Un decreto de Frondizi lo hizo huésped oficial y a las cuatro de la tarde de aquel primer día suyo en Argentina, Fidel recibió a los periodistas. Le dijeron que en Washington había inquietud acerca de su gobierno porque, según los círculos oficiales de la Casa Blanca, era presidente el general Dwight Eisenhower, habían detectado una infiltración comunista en las huestes castristas. Fidel respondió: “No coincido con el comunismo. Somos una democracia. Estamos contra todo tipo de dictadura. Por eso nos oponemos al comunismo”.

Fidel no decía la verdad. Nadie decía la verdad: ni Washington, ni Castro. Jugaban un delicado juego de piratas, parche en el ojo incluido. Los documentos conocidos luego de más de seis décadas demostrarían que Estados Unidos sabía del fervor marxista del flamante gobierno revolucionario cubano. Podía permitirse un error de cálculo en el ardor de Fidel, pero sabía que su hermano Raúl y el Che Guevara eran marxistas leninistas. Castro, por su parte y también décadas después, admitiría ante el periodista y sociólogo francés Ignacio Ramonet que se había cuidado muy bien en aquellos meses iniciales de mostrarse en forma abierta como un marxista.

Fidel Castro durante la conferencia
Fidel Castro durante la conferencia de prensa que brindó en su primera visita a la Argentina

Castro derrochó algo de humor en la conferencia de prensa en el Alvear. Cuando las preguntas pasaron del estricto rigor político a la apariencia del primer ministro y de sus acompañantes, pelos y barbas en primer plano, dijo que todos los guerrilleros habían hecho un pacto con implicancias morales: no afeitarse hasta lograr el total cumplimiento de los objetivos revolucionarios. “Además –agregó con una sonrisa– calculen ustedes que a razón de quince minutos diarios por afeitada, ahorraremos casi quince jornadas al año que dedicamos al trabajo”. Tanta era la admiración hacia Castro que un diario de Buenos Aires, insospechado de simpatías marxistas, había saludado su llegada a la Argentina con un título de exaltado tono cervantino: “¡Salud, barbado caballero!”.

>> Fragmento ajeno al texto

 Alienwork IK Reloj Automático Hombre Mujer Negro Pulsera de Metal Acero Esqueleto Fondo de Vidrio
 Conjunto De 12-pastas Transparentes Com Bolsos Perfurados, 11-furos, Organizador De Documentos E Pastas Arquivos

El sábado 2 de mayo, Castro, que había postergado un viaje programado para ese día a Montevideo, decidió hablar ante el “Comité de los 21″. Fue todo un espectáculo. A las diez y media de una mañana fría y sin sol, en aquella época, las mañanas de principio de mayo eran frías, Castro llegó a la Secretaría de Comercio, sede del encuentro continental, después de dar un paseo por las calles de la ciudad. Un centenar de personas lo esperaban en la puerta para aclamarlo. En el noveno piso lo esperaba el canciller Florit y el titular de la OEA, José Mora. Hasta entonces, según las crónicas de la época, la sala del encuentro había sido “muda e insensible como un lago”. Pero la estrella de Fidel lo cambió todo. Florit le dio la bienvenida con cierta cargada elocuencia: “Creo que no exagero al decir que Castro constituye hoy en América una figura de brillante relieve, por su esforzado trabajo en favor de la libertad humana, y todo el continente está hoy pendiente de la realización definitiva de la gran obra que está afrontando arduamente en Cuba”.

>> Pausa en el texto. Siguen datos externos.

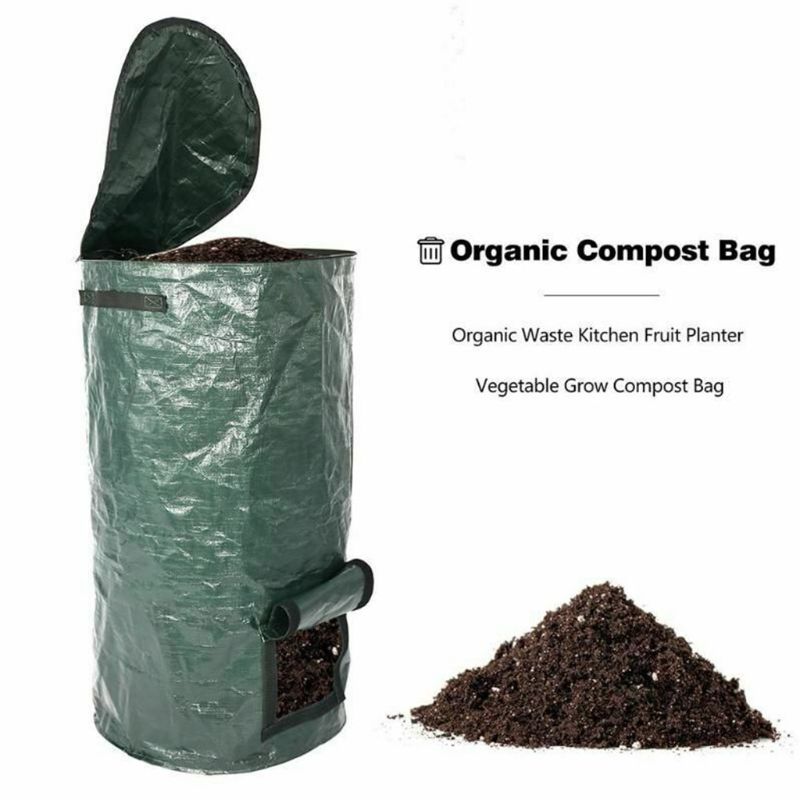 Collapsible Garden Yard Compost Bag with Lid Environmental Organic Ferment Waste Collector Refuse Sacks Composter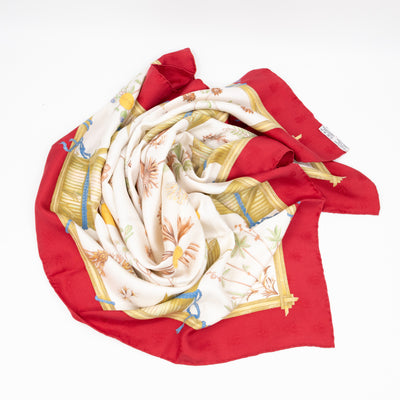 Silk Scarf 90 Herbier de Gavarnie Red & White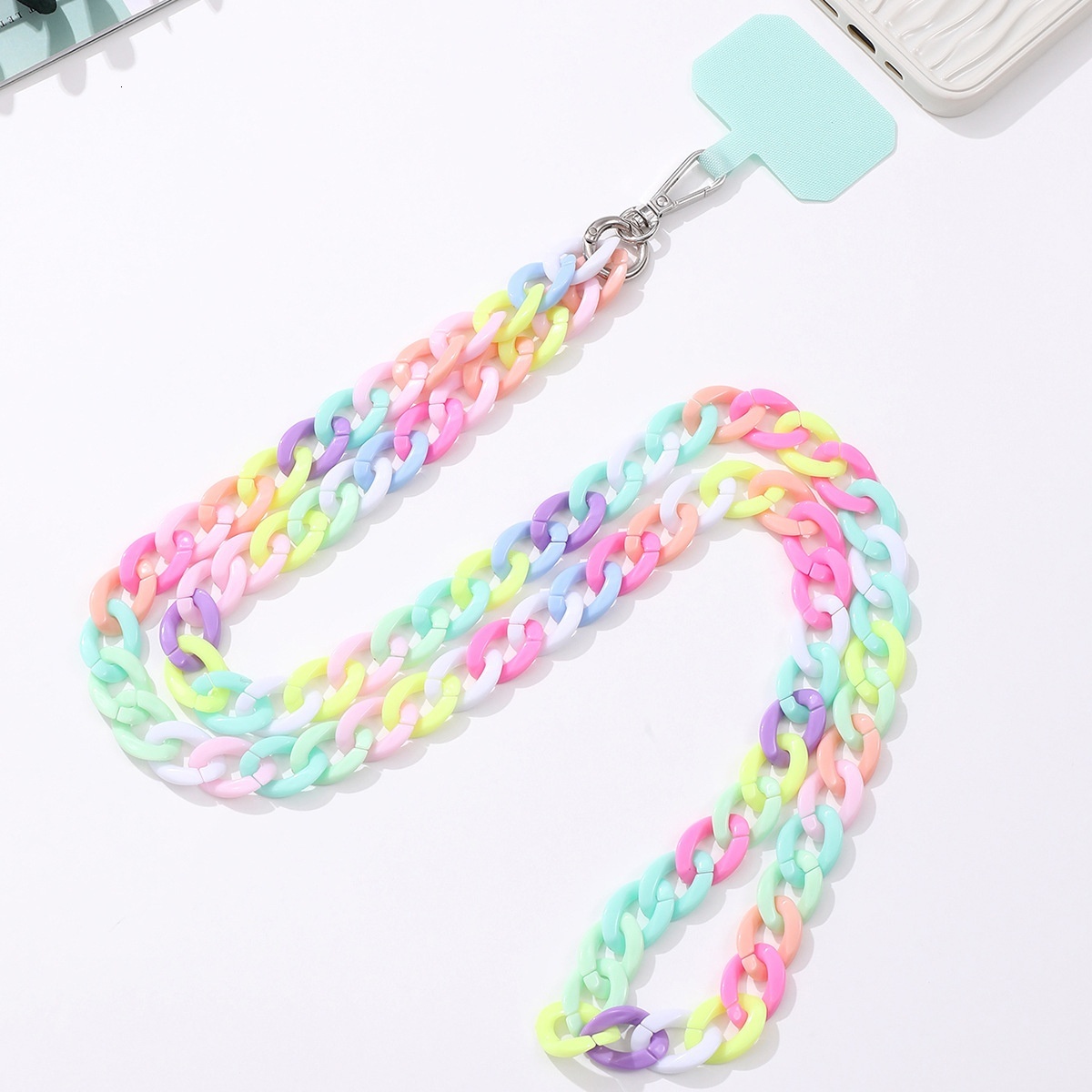 Yilian New 120cm Colored Acrylic Cross body Phone Case Jewelry Pendant drop and Anti loss Shoulder Strap Chain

Fiel a la que ya era su costumbre, Castro no se iba a quedar atrás: habló una hora veinticinco minutos; sus palabras fueron interrumpidas varias veces por aplausos entusiastas, transformados en ovación al final de su discurso. Todo el empaque y la formalidad de aquel encuentro diplomático se había ido al traste con el ardor del primer ministro cubano. Las crónicas de entonces lo describen así: “En los hombros de su chaqueta verde oliva, charreteras con los colores rojo y negro del Movimiento 26 de Julio y la estrella de Cuba. En la muñeca izquierda, un reloj de oro, común. Modesto. Su natural inquieto lo hacía revolverse en el asiento. Jugaba con un lápiz, que mordisqueaba a ratos. Lanzaba miradas recelosas a los costados. Gesto hosco. Su bigote es casi rubio; su barba es casi negra. Y el correcto corte de sus cabellos podría ser imitado por algunos de sus barbados acompañantes. (…) Tenía delante muchos papeles y una pequeña libreta de apuntes. Fuma poco”.

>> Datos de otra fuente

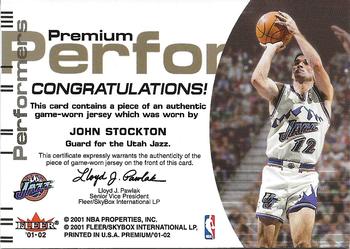 2001-02 Fleer Premium - Premium Performers #NNO John Stockton Back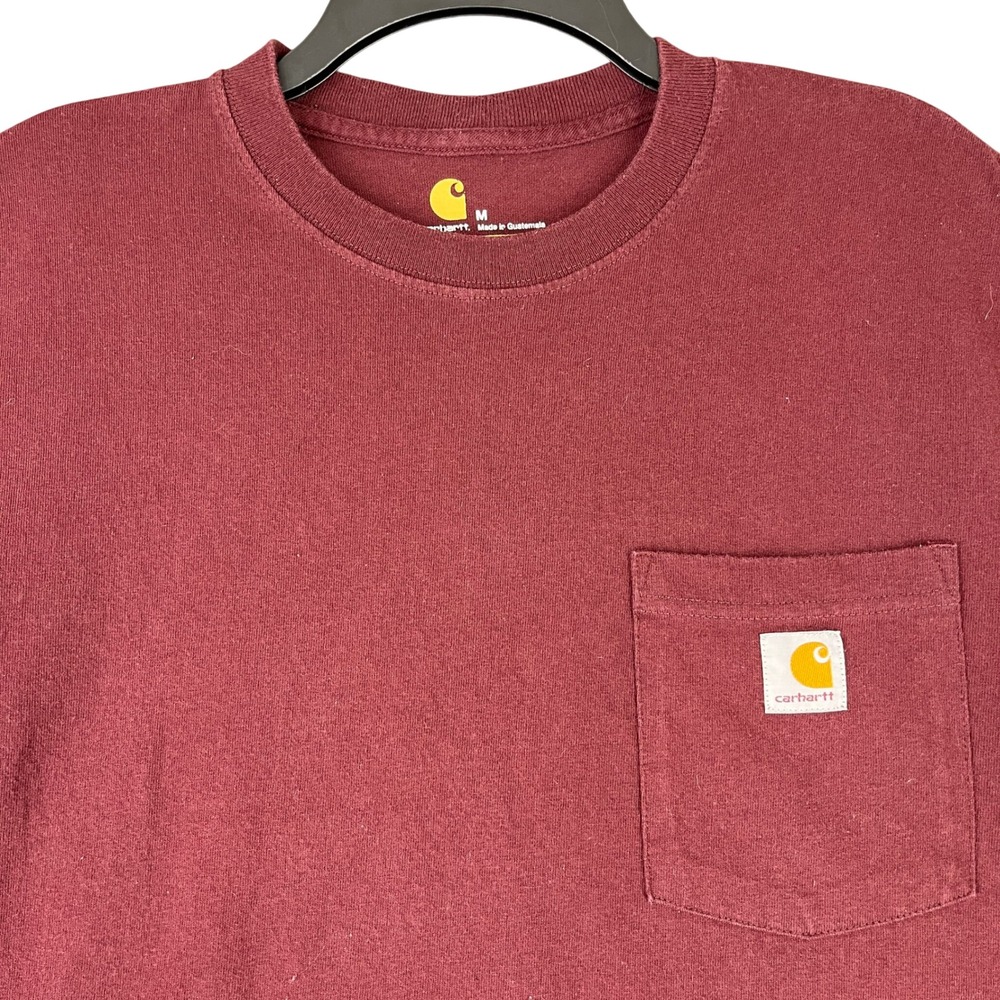 Carhartt Mens Burgundy Original Fit Pocket‎ T Shirt Size M K87 PRT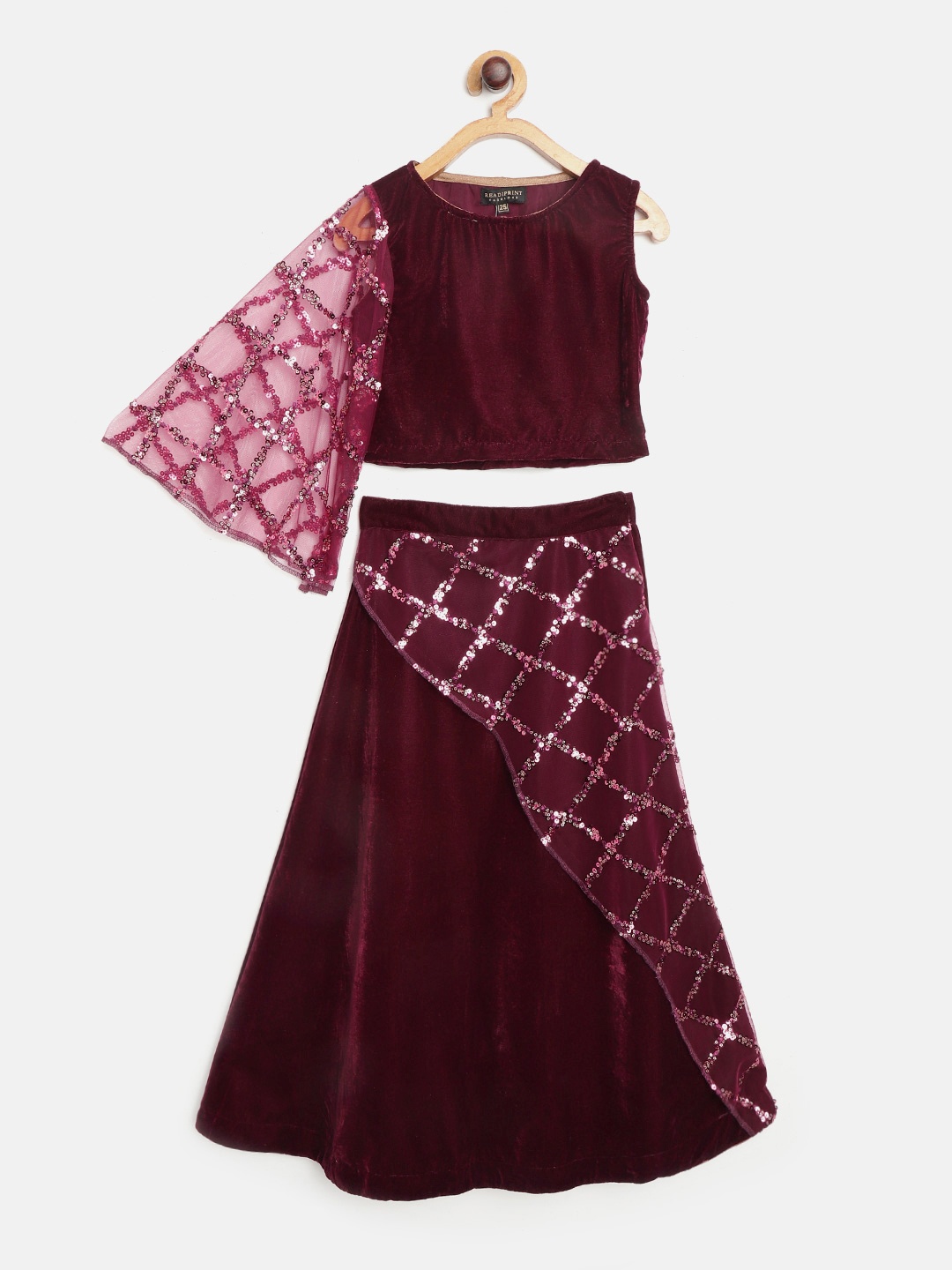 

Readiprint Fashions Purple Embellished Ready to Wear Velvet Lehenga with Blouse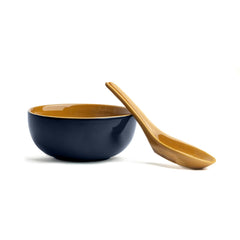 Ceramic Soup Bowl Set With Spoons - 300ml Each, Midnight Blue | 6 Pieces Soup Bowls + 6 Spoons | Glossy Finish - Premium Stoneware Ceramic Soup Bowls With Spoons | Soup Bowl Set Of 6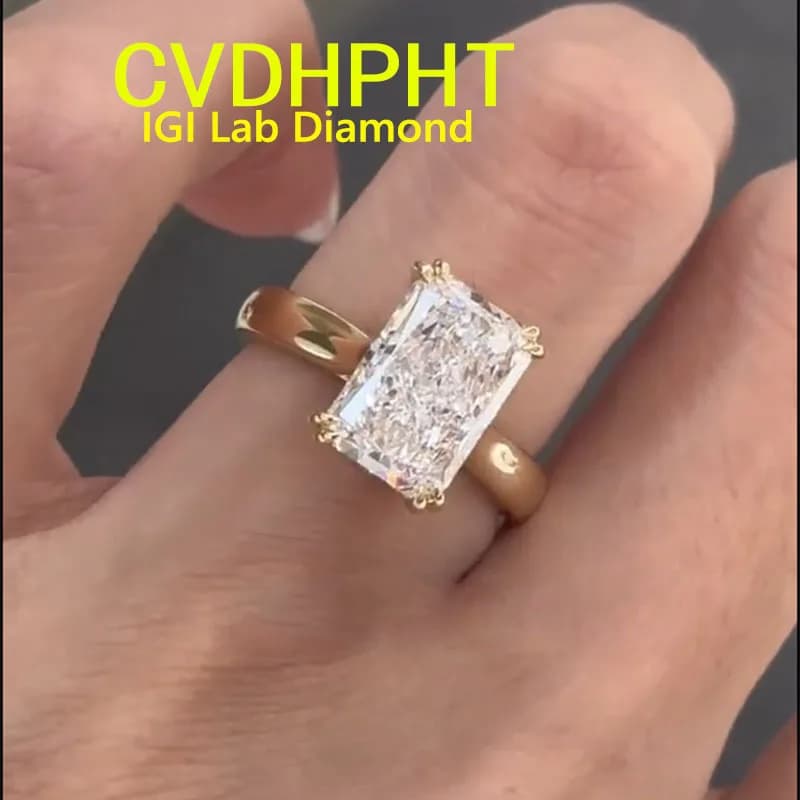 Anello dimaond coltivato da laboratorio in oro giallo massiccio 14 carati da 3 ct IGI Taglio radiante D VS1 Anello nuziale Anello di fidanzamento Vendita in fabbrica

El discurso de Castro, que señaló el drama del subdesarrollo como causa principal de la volatilidad política del continente, también trazó un panorama pesimista del porvenir inmediato en aquellos países que, como la Argentina, habían recuperado la democracia después de un gobierno militar. También lanzó una dura advertencia que, el tiempo demostró, fue un acertado y triste presagio: “Todos nos hemos hecho la nueva ilusión de que las tiranías van desapareciendo de la faz de nuestro continente. Sin embargo, la realidad es que se trata de una mera ilusión y nadie sería capaz de afirmar aquí honradamente cuanto tiempo de existencia se les calcula a varios gobiernos constitucionales de América Latina; cuánto tiempo se le calcula a esta era de despertar democrático que tanto sacrificio costó; y cuánto pueden durar los gobiernos constitucionales arrinconados entre la miseria, que provoca todo género de conflictos sociales, y la ambición de los que esperan el momento oportuno de adueñarse nuevamente del poder por la fuerza. Hemos declarado al ideal democrático como el ideal que se ajusta a la idiosincrasia y a la aspiración de los pueblos de este continente”.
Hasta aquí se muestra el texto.